Daily Slice: Evolution of the Amore oi Mari at Pizzicletta in Flagstaff, AZ
Daily Slice gives a quick snapshot each weekday of a different slice or pie that the folks at the Serious Eats empire have enjoyed lately.
One of the many ways I like to torture myself is by following the twitter feeds of great out-of-state pizzerias to see which amazing pizzas I won't be eating that evening. My favorite of those belongs to Caleb Schiff, partly because he cooks up inventive pies (recent specials include a Cacio e Pepe with Pecorino, panna, ricotta, garlic & coarse-cracked blacked pepper and a Bee Sting with ricotta, roasted serranos, sopressata, & local Mountain Top orange blossom honey), but mostly because it reminds me that I need to get my butt back to Flagstaff for another Amore oi Mari.
Tiny shavings of Pecorino Romano sharpen up the creamy marscapone base before a light bed of slightly bitter wild arugula and thin, nearly transparent slices of nutty, barely sweet prosciutto add color to the palette. The Queen Creek meyer lemon olive oil is still a surprise when it cuts through the flavors and elevates something great into something up near the stratosphere. It's been my favorite pizza combination for a while now.
I was a massive fan of Pizzicletta on first blush, and in the 18 months since opening it's been fascinating to check in every six months or so to see the evolution of Caleb's pizza. Here's what it looked like way back in August of 2011:
Here's what it looked like in March of 2012:
And here's what it looked like recently:
To hammer home how consistent Pizzicletta has become, this last pie isn't the same as the one at the very top—they were made a day apart.

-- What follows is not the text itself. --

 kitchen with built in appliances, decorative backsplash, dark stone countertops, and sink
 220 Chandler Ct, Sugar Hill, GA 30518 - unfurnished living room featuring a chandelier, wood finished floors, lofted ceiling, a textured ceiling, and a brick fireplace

I imagine Caleb feels like I'm posting his baby pictures, but the maturation is striking, especially in the shape and texture of the cornicione and the leopard spotting. Another important change that you can't see is that he figured out how to balance out the mascarpone cheese across the pie, which I can tell you from my attempts to replicate it at home is very difficult (we can't all be TXCraig1). And even the prosciutto slicing has been elevated.
Most of the pizzaioli I respect will usually default to Margherita as their favorite pie to showcase their wares and Caleb isn't any different. After all, at its core, Neapolitan pizza is primarily about great bread working in concert with spare ingredients. However, there's something just plain wonderful about a decadent, savory overload like the Amore that goes for the jugular, and I already feel like I'm overdue for another one.